ACTIVITY: Search the entries below for "What’s In The Fairy Chimney? - Kitapiks.com". Give that line and all the lines after it again, exactly, through the last, without pictures.

DATA FOR REVIEW:
= = = =
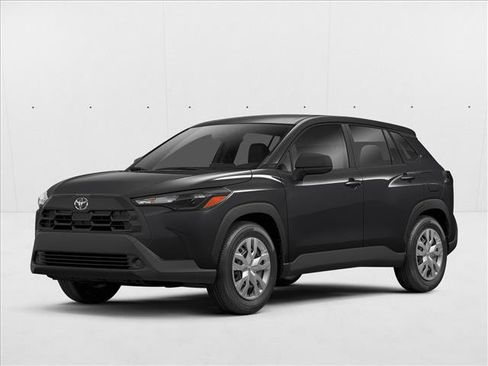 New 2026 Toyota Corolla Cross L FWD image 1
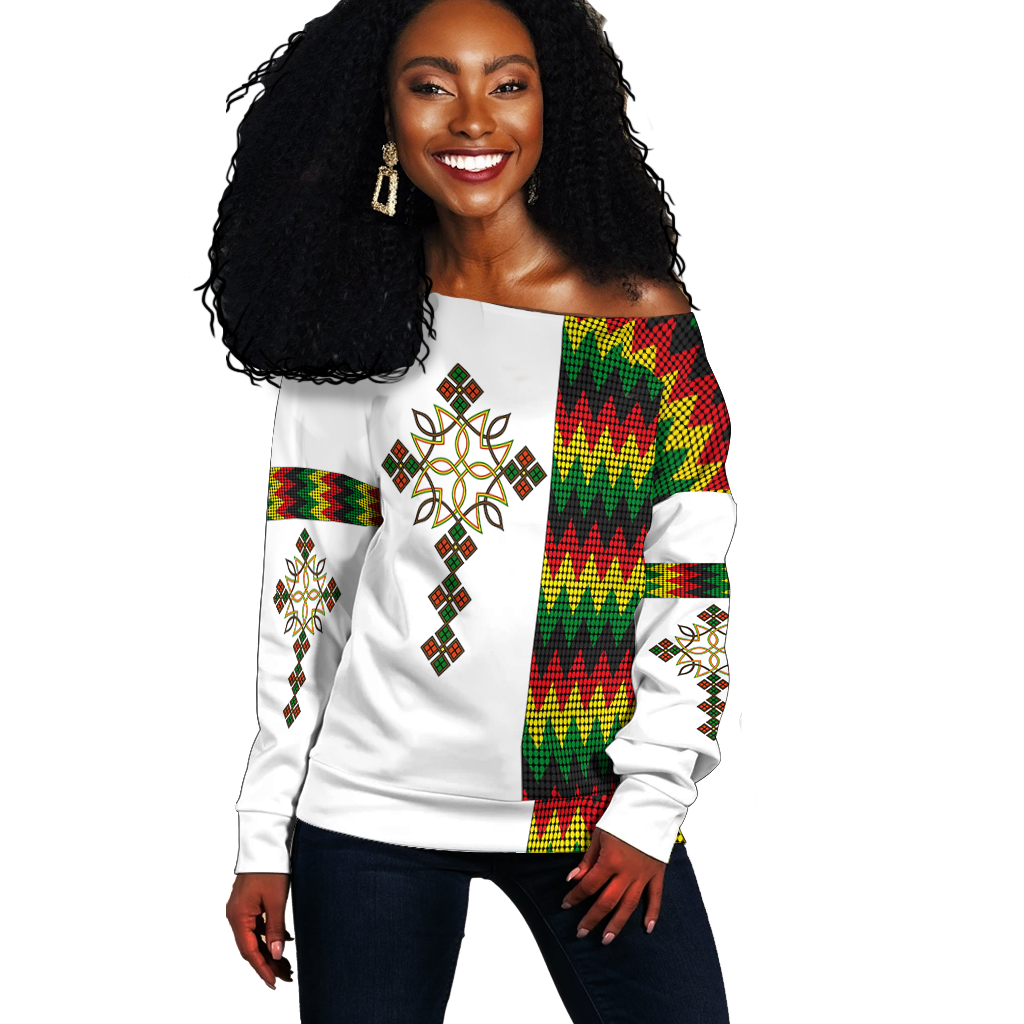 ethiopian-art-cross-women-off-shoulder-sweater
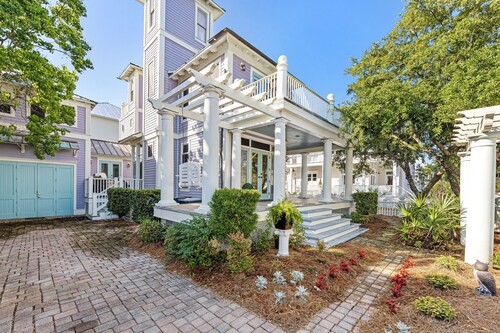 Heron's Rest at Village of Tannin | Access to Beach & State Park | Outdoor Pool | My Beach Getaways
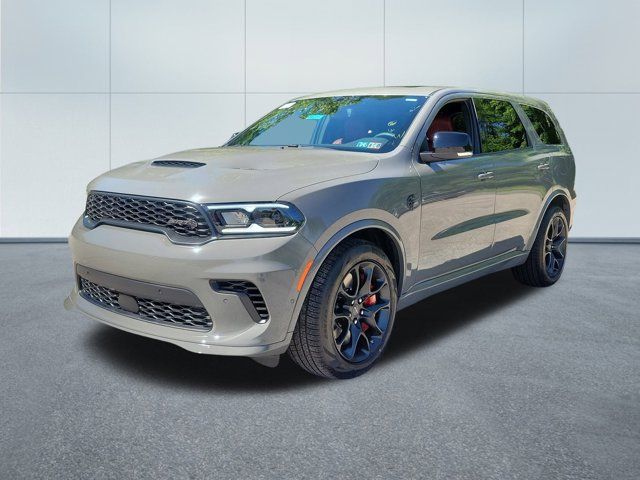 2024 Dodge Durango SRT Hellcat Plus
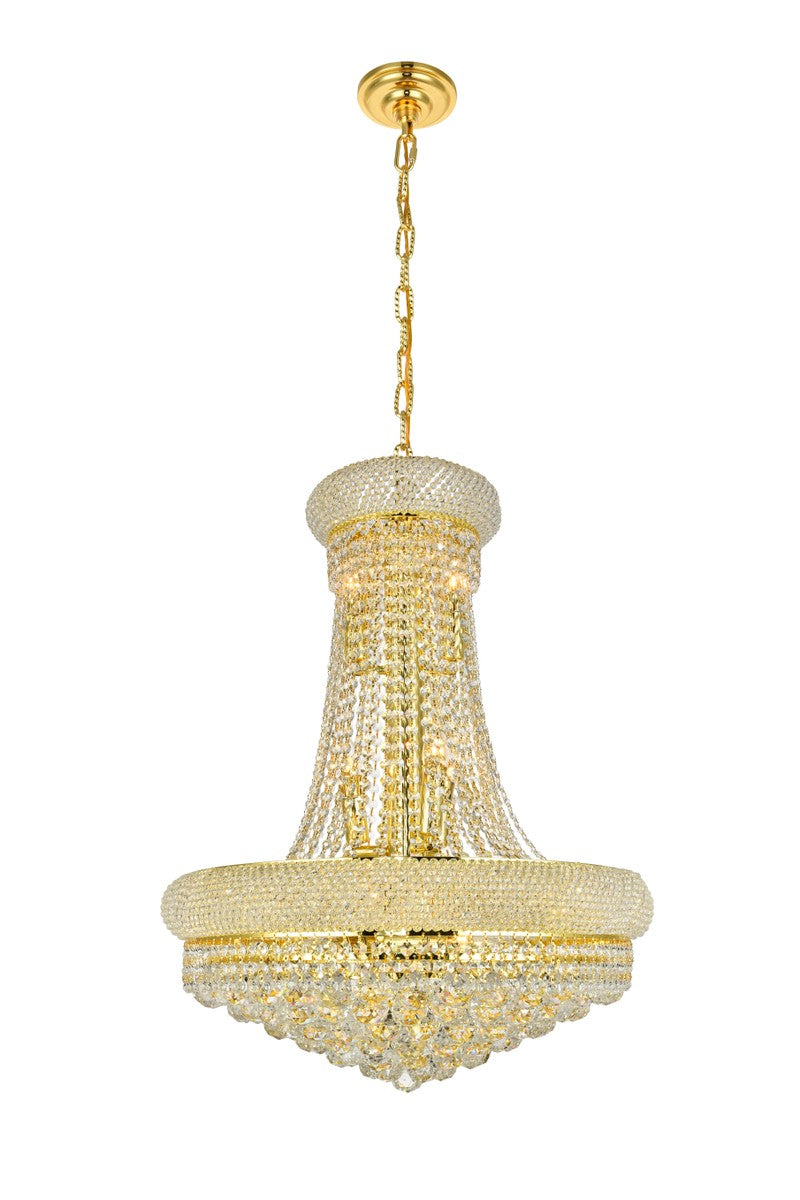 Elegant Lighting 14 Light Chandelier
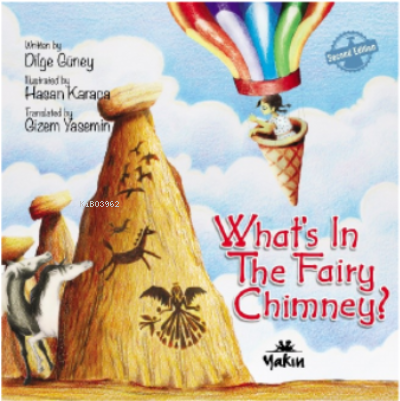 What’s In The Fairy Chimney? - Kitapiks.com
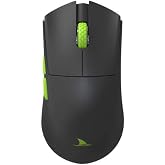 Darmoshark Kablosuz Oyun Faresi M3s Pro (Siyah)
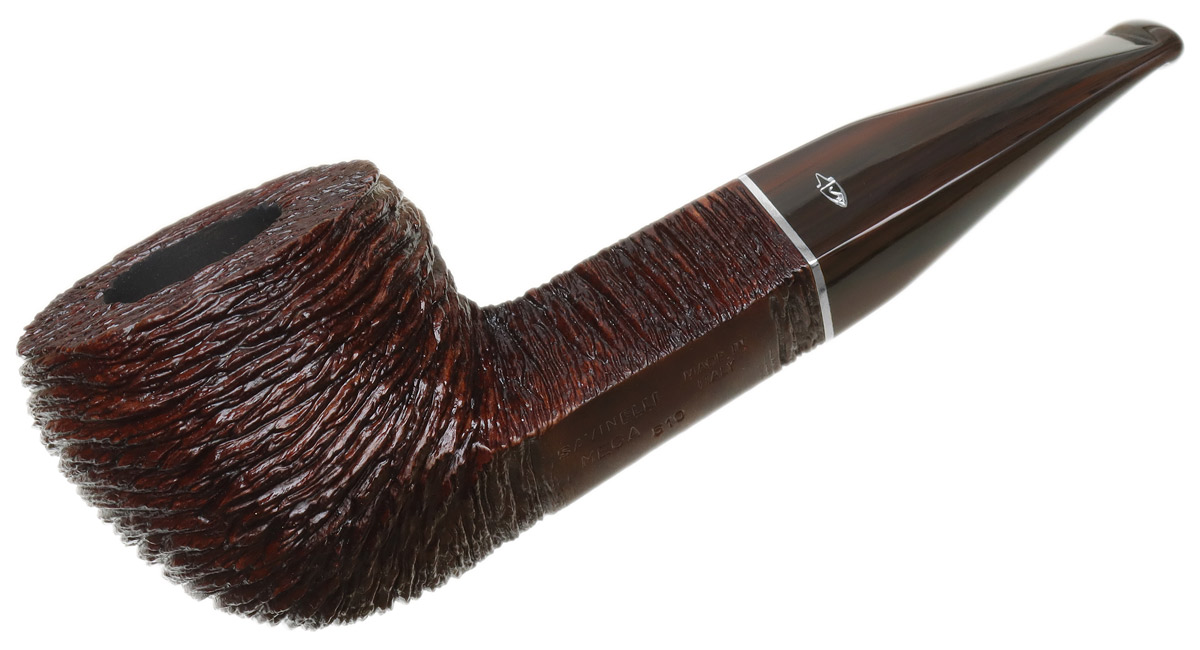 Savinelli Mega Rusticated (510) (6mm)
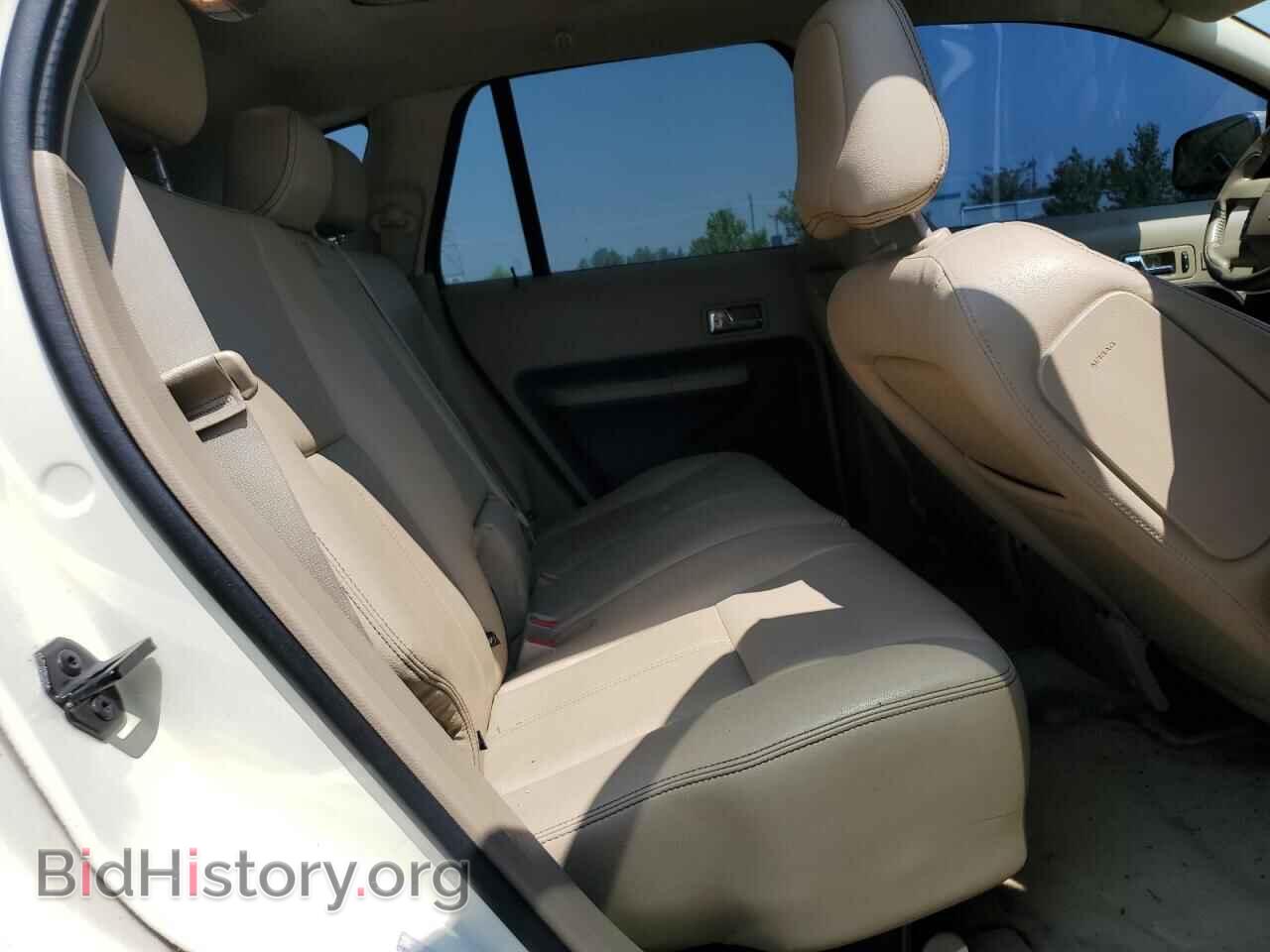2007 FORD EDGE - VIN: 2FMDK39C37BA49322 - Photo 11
= = = =
RESULT BELOW:
 What’s In The Fairy Chimney? - Kitapiks.com
 Darmoshark Kablosuz Oyun Faresi M3s Pro (Siyah)
 Savinelli Mega Rusticated (510) (6mm)
2007 FORD EDGE - VIN: 2FMDK39C37BA49322 - Photo 11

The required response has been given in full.